¼ cup low-fat stir-fry sauce (without unhealthy fats or sweeteners) use sauce from tasty tempeh recipe

2 cups cooked millet, amaranth, Brown Rice or other whole grain, kept hot

Or ¾ - 1 lb. cooked whole grain pasta such as pad Thai style brown rice noodles

Optional:

1-2 cups organic mushrooms, cleaned and chopped

1-2 tbsp. Fresh ginger, peeled and diced

1 head kale, collard greens, or Napa cabbage (de-stemmed if using collards) chopped

  1. Heat ¼ cup of vegetable broth or water in a large skillet or sauté pan over medium-high heat. Add the onion and garlic, cook until tender. Add more liquid as needed to prevent sticking.
  2. Gradually add remaining ingredients, except stir fry sauce
  3. Once vegetables reach desired consistency, add stir fry sauce and cook for another 1-2 minutes.
  4. Serve over the cooked grain/whole grain pasta of your choice.
  5. Stored in a covered container in the refrigerator, leftover Easy Stir- Fry will keep for up to 5 days.

Eric’s Tasty Tempeh

Recipe by Eric C. Sharer, MPH, RD, CSO, CDN Yield: 4 ½ cup servings

Tempeh is a block made of whole fermented soybeans. If you have food allergies/sensitivities/intolerances check the ingredients as tempeh may be made of a combination of soy and other grains. Some feel that tempeh has a bitter taste. To minimize the bitter taste, steam the tempeh before using (see below for directions).

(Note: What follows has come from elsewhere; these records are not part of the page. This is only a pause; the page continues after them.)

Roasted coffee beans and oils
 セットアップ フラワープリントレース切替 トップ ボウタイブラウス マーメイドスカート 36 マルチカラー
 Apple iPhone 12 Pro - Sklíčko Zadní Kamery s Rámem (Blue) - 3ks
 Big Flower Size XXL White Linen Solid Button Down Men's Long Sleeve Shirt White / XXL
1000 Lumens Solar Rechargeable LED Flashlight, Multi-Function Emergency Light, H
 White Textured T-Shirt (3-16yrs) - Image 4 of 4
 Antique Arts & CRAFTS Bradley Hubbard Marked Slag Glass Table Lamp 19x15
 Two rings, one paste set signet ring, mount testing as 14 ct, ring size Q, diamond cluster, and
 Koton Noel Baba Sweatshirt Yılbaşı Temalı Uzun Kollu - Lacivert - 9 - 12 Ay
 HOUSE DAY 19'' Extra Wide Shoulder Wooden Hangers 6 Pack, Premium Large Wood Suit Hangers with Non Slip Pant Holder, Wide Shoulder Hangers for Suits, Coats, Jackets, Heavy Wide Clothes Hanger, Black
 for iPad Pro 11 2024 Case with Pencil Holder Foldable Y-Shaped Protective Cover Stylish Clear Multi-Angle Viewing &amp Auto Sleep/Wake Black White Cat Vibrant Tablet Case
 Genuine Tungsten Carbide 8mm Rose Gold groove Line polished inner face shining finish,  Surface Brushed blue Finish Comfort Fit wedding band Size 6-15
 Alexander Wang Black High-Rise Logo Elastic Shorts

8 oz. package tempeh, diced into small cubes

¼ cup tamari or other soy sauce

3 tbsp. sweetener of choice such as maple syrup or brown rice syrup

2 tbsp. vinegar (Brown Rice Vinegar) or Apple Cider Vinegar

4 tsp. garlic, fresh, minced and peeled

2 tsp. ginger, fresh, minced and peeled

Optional

½ tsp. orange oil

OR 2 tsp. orange zest

Directions:

1.Steam diced tempeh in a steamer for 10 minutes. Discard water and set tempeh aside.

2.Mix remaining ingredients in a small bowl. Pour mixture into a sauté pan.

3.Add steamed tempeh and cook over medium-high heat.

4.Continually stir tempeh until all of the liquid has evaporated and coated the tempeh.

5.Add to your favorite stir fry, salad, soup, sandwich, wrap, or simply enjoy!